Blacked-out Syrians turn to satellite phones

The satellite telecommunications provider Thuraya has reported a surge in demand in Syria, unlike thousands of other businesses suffering from the turmoil.

Unlike thousands of businesses suffering from the turmoil in Syria, one company has been bucking the trend.

The satellite telecommunications provider Thuraya has reported a surge in demand for its phones and services in the country - so much so that there is now a shortage of hardware.

"We are working around the clock to satisfy the requirements of Syria," said Muiz Saad, the vice president of distribution at Thuraya. "There has been a lot of demand after the communications blackout."

Throughout the conflict, the regime of the president Bashar Al Assad has been taking down mobile networks in a bid to prevent activists and the Free Syrian Army communicating. Most recently there was an internet and communications outage on November 29 that lasted until December 1.

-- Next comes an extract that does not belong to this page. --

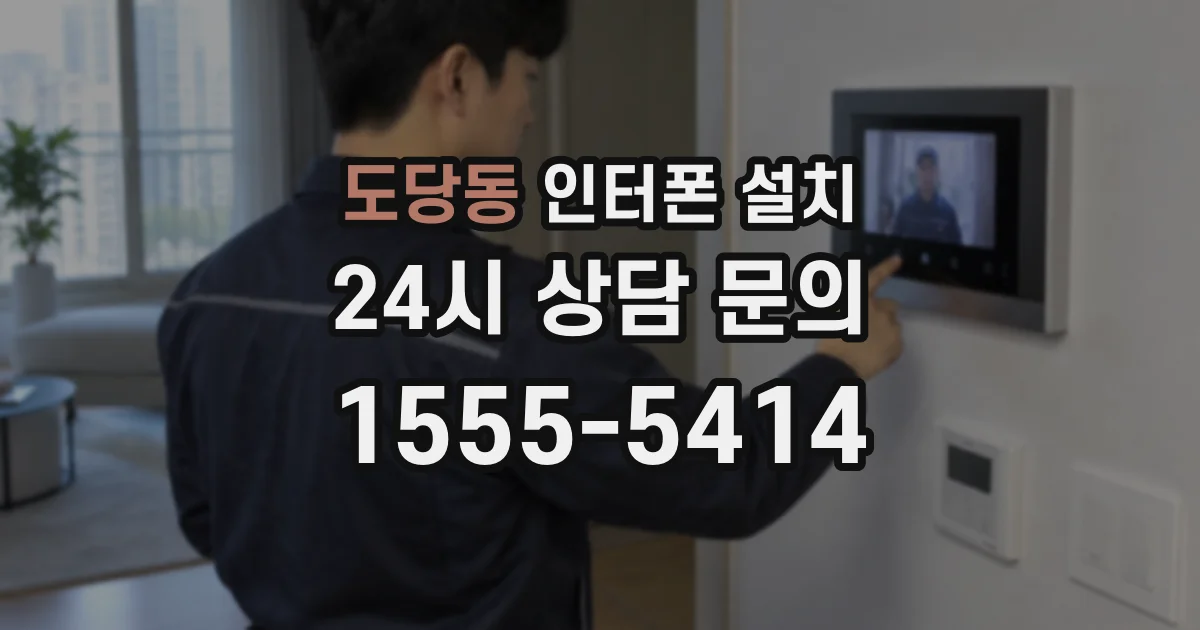 도당동 인터폰 설치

"Thuraya was available to fill in for GSM [global system for mobile communications] and people have been relying on us for support," said Mr Saad.

While Thuraya does not have a physical presence in Syria, it has managed to supply the country through its distribution partners at the borders.

The company has noticed a 40 per cent increase in the amount of traffic on its networks in the wider Middle East since January last year.

Cygnus, based in the UAE and one of Thuraya's service partners and distributors, has posted a 50 per cent increase in sales of pre-paid cards used to make calls on Thuraya phones, which it attributes to activity in Syria.

Much of this demand has been fuelled by non-governmental organisations (NGOs), media outlets and the Free Syria Army.

Alongside its satellite phones, Thuraya provides satellite internet services thathelp to provide uninterrupted access to the internet.

It has not always been plain-sailing for the company, however. Early on in the conflict, the satellite providers had their frequencies jammed, preventing people from making phone calls or using satellite services.

"The Syrian government has interfered a lot, but we have managed to overcome this," said Mr Saad.

"The technical team is working to make sure the network is secure and working on the ground. The government wanted us to stop the service, but we never did. They tried to stop the Thuraya network."

Thuraya's gateway for the Middle East is located in the UAE, so the Syrian government has been unsuccessful in its attempts to control the network.

Satellite communications have traditionally proven popular in remote areas without access to fixed line or mobile networks. The Arab Spring, however, has made them a necessity even in big cities with modern infrastructure.

According to Mr Saad, 133 countries are vulnerable to a communications blackout.

One of the most notorious cases was the week-long outage in Egypt in 2011 at the beginning of the country's uprising. The then-president of Egypt, Hosni Mubarak, took down internet and mobile networks on January 27 in a bid to prevent protests from escalating. Service was resumed on February 2.